## WORK REQUIRED
Going down the data below, set down exactly the line with "Spacious living area" and each line after it through the line with "A cozy wooden"; no other lines.

-- DATA SECTION follows --

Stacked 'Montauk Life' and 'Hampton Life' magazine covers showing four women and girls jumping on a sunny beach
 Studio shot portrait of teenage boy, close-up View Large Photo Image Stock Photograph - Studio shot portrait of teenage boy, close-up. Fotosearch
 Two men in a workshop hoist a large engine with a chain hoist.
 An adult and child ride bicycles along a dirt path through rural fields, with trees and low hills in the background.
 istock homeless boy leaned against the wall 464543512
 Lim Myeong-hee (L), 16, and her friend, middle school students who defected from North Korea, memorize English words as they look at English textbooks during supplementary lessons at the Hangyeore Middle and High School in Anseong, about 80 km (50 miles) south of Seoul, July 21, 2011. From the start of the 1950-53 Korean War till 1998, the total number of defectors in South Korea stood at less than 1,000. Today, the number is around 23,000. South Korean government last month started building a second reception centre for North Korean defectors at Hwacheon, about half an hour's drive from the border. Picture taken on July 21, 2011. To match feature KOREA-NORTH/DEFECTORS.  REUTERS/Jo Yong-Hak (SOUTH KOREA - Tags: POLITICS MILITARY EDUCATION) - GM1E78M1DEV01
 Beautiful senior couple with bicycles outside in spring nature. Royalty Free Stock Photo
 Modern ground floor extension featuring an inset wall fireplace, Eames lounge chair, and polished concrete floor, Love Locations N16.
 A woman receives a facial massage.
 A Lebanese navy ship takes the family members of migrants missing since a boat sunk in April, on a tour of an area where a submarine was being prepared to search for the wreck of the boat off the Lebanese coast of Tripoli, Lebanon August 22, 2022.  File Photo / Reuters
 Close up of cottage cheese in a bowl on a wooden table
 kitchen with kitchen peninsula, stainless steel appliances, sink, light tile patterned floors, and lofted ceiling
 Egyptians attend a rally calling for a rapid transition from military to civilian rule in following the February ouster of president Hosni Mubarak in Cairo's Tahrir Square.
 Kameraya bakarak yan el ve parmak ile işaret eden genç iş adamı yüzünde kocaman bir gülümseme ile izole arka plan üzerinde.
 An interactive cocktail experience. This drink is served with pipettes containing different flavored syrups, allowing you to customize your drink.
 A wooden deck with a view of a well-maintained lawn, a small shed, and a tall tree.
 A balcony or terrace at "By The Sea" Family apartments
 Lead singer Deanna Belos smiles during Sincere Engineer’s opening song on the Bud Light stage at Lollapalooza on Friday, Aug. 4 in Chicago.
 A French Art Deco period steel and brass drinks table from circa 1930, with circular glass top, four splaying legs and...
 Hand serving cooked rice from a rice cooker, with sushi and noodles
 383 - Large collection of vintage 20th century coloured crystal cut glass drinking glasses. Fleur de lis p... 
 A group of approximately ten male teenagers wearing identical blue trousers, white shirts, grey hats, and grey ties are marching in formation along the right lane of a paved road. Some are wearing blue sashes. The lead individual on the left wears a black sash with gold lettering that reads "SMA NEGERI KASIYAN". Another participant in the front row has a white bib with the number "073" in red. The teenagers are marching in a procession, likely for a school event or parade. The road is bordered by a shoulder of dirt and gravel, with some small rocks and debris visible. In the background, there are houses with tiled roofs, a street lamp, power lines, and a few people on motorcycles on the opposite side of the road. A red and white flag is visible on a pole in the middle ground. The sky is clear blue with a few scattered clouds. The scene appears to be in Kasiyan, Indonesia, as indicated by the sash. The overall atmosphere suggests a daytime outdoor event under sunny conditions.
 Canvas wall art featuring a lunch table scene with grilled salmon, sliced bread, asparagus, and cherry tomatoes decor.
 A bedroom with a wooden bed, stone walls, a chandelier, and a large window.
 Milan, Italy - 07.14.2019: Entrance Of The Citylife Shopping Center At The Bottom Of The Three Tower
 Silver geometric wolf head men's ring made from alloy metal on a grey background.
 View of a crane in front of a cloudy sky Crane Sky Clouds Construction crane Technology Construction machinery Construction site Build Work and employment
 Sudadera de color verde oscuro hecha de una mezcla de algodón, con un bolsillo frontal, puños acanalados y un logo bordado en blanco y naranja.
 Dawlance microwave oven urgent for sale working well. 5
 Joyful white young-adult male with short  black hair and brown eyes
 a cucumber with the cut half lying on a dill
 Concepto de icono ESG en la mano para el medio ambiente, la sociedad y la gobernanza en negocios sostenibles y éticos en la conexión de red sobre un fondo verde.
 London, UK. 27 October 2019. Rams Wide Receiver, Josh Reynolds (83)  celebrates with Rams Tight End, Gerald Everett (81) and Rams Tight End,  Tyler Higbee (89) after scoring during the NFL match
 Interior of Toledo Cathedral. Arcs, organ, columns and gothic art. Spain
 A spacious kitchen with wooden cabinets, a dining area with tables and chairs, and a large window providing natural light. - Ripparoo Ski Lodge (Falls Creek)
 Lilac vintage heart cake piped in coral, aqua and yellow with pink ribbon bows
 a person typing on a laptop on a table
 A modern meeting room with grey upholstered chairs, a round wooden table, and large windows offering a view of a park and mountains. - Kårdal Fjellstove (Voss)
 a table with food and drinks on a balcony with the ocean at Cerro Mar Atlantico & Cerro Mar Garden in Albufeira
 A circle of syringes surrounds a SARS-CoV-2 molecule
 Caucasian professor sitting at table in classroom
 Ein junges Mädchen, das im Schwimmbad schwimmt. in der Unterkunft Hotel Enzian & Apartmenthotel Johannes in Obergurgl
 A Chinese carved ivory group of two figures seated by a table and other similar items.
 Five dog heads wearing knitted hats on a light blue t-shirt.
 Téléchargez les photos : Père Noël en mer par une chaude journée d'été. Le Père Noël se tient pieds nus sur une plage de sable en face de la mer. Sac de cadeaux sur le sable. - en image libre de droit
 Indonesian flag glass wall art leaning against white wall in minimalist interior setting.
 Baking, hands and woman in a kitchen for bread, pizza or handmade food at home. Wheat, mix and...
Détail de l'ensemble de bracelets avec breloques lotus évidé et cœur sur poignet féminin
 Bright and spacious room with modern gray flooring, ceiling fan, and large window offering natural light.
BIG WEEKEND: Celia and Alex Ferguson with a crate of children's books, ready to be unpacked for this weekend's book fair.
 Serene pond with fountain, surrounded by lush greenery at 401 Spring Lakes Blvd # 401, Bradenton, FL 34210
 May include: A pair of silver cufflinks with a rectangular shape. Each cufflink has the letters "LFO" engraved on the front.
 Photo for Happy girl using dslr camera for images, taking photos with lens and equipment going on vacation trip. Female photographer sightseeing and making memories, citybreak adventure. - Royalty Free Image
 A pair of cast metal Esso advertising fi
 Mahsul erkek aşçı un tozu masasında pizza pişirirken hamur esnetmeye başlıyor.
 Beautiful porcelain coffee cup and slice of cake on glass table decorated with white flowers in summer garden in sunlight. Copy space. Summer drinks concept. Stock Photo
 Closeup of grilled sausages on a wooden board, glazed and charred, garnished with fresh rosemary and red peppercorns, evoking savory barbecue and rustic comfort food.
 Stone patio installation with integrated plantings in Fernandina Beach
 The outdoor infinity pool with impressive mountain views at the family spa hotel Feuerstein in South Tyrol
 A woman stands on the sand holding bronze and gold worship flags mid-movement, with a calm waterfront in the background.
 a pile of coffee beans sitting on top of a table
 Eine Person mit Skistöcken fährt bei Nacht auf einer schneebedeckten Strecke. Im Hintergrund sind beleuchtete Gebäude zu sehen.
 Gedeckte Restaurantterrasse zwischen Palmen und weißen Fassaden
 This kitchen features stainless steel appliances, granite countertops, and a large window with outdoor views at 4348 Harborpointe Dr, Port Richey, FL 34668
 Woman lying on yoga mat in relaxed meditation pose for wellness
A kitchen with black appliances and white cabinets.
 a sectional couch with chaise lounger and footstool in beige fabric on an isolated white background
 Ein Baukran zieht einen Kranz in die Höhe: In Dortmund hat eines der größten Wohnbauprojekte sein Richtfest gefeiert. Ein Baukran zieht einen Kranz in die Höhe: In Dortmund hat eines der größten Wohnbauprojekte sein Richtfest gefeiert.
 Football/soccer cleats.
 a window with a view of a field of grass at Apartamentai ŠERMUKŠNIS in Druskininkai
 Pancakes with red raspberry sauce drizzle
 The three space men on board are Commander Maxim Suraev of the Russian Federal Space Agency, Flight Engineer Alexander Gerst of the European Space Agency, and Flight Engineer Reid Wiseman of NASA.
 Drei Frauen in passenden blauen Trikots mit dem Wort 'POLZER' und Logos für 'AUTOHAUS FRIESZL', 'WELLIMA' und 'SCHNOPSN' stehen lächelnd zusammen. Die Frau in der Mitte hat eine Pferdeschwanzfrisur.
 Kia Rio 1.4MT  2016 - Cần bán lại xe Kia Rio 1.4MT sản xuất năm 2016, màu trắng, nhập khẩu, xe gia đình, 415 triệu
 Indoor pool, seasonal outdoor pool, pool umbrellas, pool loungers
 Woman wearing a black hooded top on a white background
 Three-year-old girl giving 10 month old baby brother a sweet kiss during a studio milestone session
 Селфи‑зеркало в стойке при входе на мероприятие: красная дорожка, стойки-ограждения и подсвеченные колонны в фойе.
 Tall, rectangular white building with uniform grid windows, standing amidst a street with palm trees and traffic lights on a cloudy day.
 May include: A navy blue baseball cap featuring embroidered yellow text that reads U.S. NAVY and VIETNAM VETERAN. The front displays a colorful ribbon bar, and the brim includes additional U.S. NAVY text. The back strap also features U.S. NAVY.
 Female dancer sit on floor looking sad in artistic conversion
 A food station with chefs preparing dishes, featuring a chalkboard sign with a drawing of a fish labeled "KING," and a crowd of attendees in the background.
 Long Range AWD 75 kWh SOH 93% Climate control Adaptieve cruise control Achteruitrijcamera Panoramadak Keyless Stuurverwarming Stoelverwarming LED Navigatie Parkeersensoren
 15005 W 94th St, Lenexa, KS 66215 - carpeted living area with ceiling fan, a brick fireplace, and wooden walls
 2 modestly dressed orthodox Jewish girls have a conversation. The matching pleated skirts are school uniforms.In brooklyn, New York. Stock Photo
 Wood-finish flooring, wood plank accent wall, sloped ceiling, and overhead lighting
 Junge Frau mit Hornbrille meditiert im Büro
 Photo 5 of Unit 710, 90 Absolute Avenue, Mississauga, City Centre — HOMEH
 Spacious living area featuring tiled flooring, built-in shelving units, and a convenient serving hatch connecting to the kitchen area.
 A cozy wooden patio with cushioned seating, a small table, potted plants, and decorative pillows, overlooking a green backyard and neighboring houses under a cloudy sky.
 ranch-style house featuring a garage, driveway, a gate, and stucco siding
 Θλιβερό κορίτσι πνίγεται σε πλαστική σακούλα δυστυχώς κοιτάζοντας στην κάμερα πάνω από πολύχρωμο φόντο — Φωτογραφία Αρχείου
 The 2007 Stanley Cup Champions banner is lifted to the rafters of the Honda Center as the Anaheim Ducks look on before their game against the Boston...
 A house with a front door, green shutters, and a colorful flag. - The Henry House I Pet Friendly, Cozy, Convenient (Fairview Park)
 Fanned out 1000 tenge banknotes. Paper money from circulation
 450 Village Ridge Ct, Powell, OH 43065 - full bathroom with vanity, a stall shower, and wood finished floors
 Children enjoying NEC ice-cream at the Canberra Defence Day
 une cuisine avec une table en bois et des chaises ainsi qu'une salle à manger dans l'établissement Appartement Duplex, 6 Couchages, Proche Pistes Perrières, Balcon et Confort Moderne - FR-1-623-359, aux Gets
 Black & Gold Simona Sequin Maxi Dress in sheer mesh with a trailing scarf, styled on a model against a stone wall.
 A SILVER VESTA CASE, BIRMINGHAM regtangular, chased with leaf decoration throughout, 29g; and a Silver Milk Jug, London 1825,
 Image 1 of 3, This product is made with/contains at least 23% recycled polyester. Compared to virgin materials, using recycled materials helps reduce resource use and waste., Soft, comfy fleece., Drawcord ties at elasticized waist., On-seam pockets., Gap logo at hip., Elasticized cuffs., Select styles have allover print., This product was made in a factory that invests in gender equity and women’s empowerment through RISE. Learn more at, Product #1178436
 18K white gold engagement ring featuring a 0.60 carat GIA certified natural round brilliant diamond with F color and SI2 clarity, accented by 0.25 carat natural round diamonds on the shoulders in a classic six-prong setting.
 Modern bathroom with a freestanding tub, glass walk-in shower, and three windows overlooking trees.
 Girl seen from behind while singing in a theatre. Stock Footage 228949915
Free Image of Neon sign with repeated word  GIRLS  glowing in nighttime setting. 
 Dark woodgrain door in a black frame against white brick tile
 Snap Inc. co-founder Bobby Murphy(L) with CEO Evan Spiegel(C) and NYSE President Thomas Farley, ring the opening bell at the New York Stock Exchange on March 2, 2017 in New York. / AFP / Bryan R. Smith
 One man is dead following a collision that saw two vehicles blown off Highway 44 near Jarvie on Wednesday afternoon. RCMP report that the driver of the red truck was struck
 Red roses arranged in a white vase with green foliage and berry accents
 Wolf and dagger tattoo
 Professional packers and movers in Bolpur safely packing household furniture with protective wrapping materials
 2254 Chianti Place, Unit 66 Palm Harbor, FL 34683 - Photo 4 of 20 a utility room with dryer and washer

-- DATA SECTION concluded --

## EXERCISE OUTPUT
 Spacious living area featuring tiled flooring, built-in shelving units, and a convenient serving hatch connecting to the kitchen area.
 A cozy wooden patio with cushioned seating, a small table, potted plants, and decorative pillows, overlooking a green backyard and neighboring houses under a cloudy sky.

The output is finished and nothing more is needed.